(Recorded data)
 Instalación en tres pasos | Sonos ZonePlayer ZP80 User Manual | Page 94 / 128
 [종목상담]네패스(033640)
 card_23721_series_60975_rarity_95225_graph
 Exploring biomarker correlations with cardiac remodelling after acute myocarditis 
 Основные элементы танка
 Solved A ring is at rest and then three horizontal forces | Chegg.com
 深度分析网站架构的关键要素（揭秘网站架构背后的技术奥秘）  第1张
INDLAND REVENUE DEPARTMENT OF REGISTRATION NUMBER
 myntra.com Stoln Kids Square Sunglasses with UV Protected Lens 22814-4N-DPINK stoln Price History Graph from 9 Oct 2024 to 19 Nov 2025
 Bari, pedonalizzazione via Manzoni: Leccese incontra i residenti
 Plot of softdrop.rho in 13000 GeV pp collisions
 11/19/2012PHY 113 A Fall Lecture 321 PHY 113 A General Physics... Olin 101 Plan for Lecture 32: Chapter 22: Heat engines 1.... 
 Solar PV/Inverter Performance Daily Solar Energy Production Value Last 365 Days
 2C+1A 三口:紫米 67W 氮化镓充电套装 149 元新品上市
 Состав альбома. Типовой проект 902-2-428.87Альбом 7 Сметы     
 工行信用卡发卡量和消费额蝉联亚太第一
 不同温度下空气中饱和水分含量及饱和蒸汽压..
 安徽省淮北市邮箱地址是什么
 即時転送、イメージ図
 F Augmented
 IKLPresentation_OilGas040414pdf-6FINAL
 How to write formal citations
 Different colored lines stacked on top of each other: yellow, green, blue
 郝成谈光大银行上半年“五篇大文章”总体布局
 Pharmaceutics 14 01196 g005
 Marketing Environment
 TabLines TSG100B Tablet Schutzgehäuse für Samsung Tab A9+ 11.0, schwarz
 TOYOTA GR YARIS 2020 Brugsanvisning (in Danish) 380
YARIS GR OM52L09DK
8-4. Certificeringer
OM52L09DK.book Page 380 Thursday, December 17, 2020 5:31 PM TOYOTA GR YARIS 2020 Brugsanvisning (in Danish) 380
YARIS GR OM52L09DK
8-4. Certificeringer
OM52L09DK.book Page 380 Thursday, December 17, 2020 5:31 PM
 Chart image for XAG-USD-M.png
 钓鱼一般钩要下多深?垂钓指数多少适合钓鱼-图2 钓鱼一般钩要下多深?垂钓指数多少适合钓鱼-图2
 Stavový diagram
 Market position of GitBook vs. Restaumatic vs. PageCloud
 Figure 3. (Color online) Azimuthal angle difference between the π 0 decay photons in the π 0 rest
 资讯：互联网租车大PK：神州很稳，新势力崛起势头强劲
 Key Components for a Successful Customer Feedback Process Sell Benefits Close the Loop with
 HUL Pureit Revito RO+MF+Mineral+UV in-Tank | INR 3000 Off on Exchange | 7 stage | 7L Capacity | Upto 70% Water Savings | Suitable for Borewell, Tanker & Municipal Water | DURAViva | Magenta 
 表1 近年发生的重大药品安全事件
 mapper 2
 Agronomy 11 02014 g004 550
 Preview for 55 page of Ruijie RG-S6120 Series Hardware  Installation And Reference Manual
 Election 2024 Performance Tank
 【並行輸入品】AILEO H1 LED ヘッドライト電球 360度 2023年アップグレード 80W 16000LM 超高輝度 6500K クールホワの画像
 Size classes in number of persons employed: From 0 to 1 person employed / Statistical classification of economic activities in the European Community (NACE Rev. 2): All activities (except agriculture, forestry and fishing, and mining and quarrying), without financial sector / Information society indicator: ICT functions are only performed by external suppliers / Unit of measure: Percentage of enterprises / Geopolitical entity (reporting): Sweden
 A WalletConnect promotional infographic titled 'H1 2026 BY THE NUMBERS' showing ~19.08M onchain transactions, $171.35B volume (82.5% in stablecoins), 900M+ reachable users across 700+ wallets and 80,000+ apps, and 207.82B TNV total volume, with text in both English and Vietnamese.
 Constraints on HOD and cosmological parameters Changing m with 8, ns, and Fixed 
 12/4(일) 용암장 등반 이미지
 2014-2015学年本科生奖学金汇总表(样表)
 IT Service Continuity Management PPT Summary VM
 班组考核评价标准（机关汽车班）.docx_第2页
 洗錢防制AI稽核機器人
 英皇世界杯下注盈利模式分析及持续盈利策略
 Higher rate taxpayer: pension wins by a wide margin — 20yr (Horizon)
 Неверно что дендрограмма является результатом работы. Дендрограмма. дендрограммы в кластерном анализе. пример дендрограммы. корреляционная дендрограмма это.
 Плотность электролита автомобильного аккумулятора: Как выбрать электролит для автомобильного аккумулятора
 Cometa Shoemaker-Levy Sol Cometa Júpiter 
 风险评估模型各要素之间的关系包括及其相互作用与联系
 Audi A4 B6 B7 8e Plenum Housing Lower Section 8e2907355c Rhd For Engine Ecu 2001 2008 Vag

> [TRY IT]: Retype the entries exactly from the first line, stopping after the line with "Market position of".

> [WRITTEN SOLUTION]:
 Instalación en tres pasos | Sonos ZonePlayer ZP80 User Manual | Page 94 / 128
 [종목상담]네패스(033640)
 card_23721_series_60975_rarity_95225_graph
 Exploring biomarker correlations with cardiac remodelling after acute myocarditis 
 Основные элементы танка
 Solved A ring is at rest and then three horizontal forces | Chegg.com
 深度分析网站架构的关键要素（揭秘网站架构背后的技术奥秘）  第1张
INDLAND REVENUE DEPARTMENT OF REGISTRATION NUMBER
 myntra.com Stoln Kids Square Sunglasses with UV Protected Lens 22814-4N-DPINK stoln Price History Graph from 9 Oct 2024 to 19 Nov 2025
 Bari, pedonalizzazione via Manzoni: Leccese incontra i residenti
 Plot of softdrop.rho in 13000 GeV pp collisions
 11/19/2012PHY 113 A Fall Lecture 321 PHY 113 A General Physics... Olin 101 Plan for Lecture 32: Chapter 22: Heat engines 1.... 
 Solar PV/Inverter Performance Daily Solar Energy Production Value Last 365 Days
 2C+1A 三口:紫米 67W 氮化镓充电套装 149 元新品上市
 Состав альбома. Типовой проект 902-2-428.87Альбом 7 Сметы     
 工行信用卡发卡量和消费额蝉联亚太第一
 不同温度下空气中饱和水分含量及饱和蒸汽压..
 安徽省淮北市邮箱地址是什么
 即時転送、イメージ図
 F Augmented
 IKLPresentation_OilGas040414pdf-6FINAL
 How to write formal citations
 Different colored lines stacked on top of each other: yellow, green, blue
 郝成谈光大银行上半年“五篇大文章”总体布局
 Pharmaceutics 14 01196 g005
 Marketing Environment
 TabLines TSG100B Tablet Schutzgehäuse für Samsung Tab A9+ 11.0, schwarz
 TOYOTA GR YARIS 2020 Brugsanvisning (in Danish) 380
YARIS GR OM52L09DK
8-4. Certificeringer
OM52L09DK.book Page 380 Thursday, December 17, 2020 5:31 PM TOYOTA GR YARIS 2020 Brugsanvisning (in Danish) 380
YARIS GR OM52L09DK
8-4. Certificeringer
OM52L09DK.book Page 380 Thursday, December 17, 2020 5:31 PM
 Chart image for XAG-USD-M.png
 钓鱼一般钩要下多深?垂钓指数多少适合钓鱼-图2 钓鱼一般钩要下多深?垂钓指数多少适合钓鱼-图2
 Stavový diagram
 Market position of GitBook vs. Restaumatic vs. PageCloud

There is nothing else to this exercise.